|
Tweet |
Çetinkaya, açıklanan asgari ücretin teknik olarak artmış görünmesine rağmen, enflasyon, vergi yükü ve zorunlu harcamalar dikkate alındığında reel bir iyileşme sunmadığını ifade etti. “Bir ücret artışı, çalışanın hayatında bir rahatlama yaratmıyorsa, muhasebe kaydından öteye geçemez” dedi.
“Sorun Net Ücret Değil, Net Yaşam Standardıdır”
Asgari ücret tartışmalarının çoğu zaman brüt ve net rakamlarla sınırlı kaldığını belirten Çetinkaya, bu yaklaşımın eksik ve yanıltıcı olduğunu söyledi. Çetinkaya, “Asıl mesele, bu ücretle bir çalışanın kirasını ödeyip ödeyemediği, mutfak masraflarını karşılayıp karşılayamadığı ve ay sonunda borçlanmadan yaşamını sürdürebilip sürdüremediğidir.
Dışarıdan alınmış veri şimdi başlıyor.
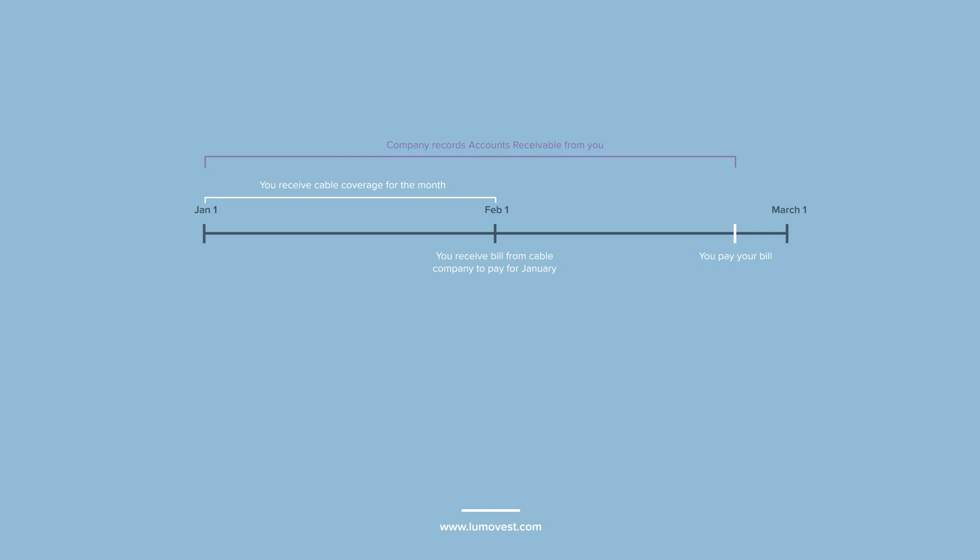During this period between when the company has already provided its service to you and when it receives your payment, it will record the value of money you owe on the balance sheet under accounts receivables. It has already delivered the service, so it gets to recognize the revenue on the income statement.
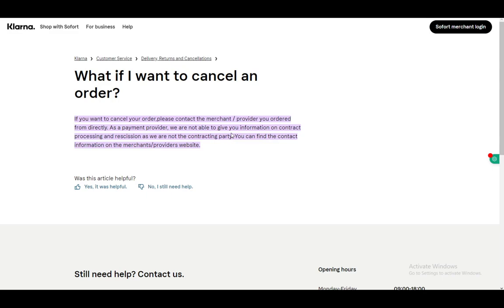If you want to cancel an order, as you can see, it is a very short article and very simple to do. To cancel your order, you just need to contact the merchant or provider from who you ordered directly.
Bu sorular cevapsız kalıyorsa rakamların anlamı yoktur” değerlendirmesinde bulundu.
“Vergi ve Dolaylı Yükler Ücreti Sessizce Aşındırıyor”
Ücret artışlarının kısa sürede erimesinin temel nedenlerinden birinin vergi ve dolaylı mali yükler olduğunu vurgulayan Çetinkaya, gelir vergisi, KDV ve zorunlu harcamaların çalışanların alım gücünü ciddi biçimde düşürdüğünü ifade etti. “Asgari ücret artıyor gibi görünürken, bu artışın önemli bir kısmı dolaylı yollarla geri alınıyor. Çalışan bunu maaş gününde değil, ay sonunda fark ediyor” dedi.
“Ücret Politikası Gerçekçi Olmak Zorunda”
Yeminli mali müşavir olarak sahada hem çalışanlar hem de işverenlerle birebir temas halinde olduğunu belirten Çetinkaya, mevcut ücret politikasının ekonomik gerçeklerle uyumlu olmadığını söyledi. Çetinkaya, “Sürdürülebilir bir ücret düzeni için popülist artışlar değil, enflasyona karşı koruyucu, vergi yükünü azaltan ve alım gücünü kalıcı olarak destekleyen bir yaklaşım şarttır” ifadelerini kullandı.
Açıklamasının sonunda ücret politikalarının masa başında değil, hayatın içinden bakılarak şekillendirilmesi gerektiğini vurgulayan Cihat Çetinkaya, “Ekonomi; tablolar, grafikler ve oranlarla değil, insanların nasıl yaşadığıyla ölçülür. Asgari ücret de bu gerçeğin en açık göstergesidir” diyerek değerlendirmesini tamamladı.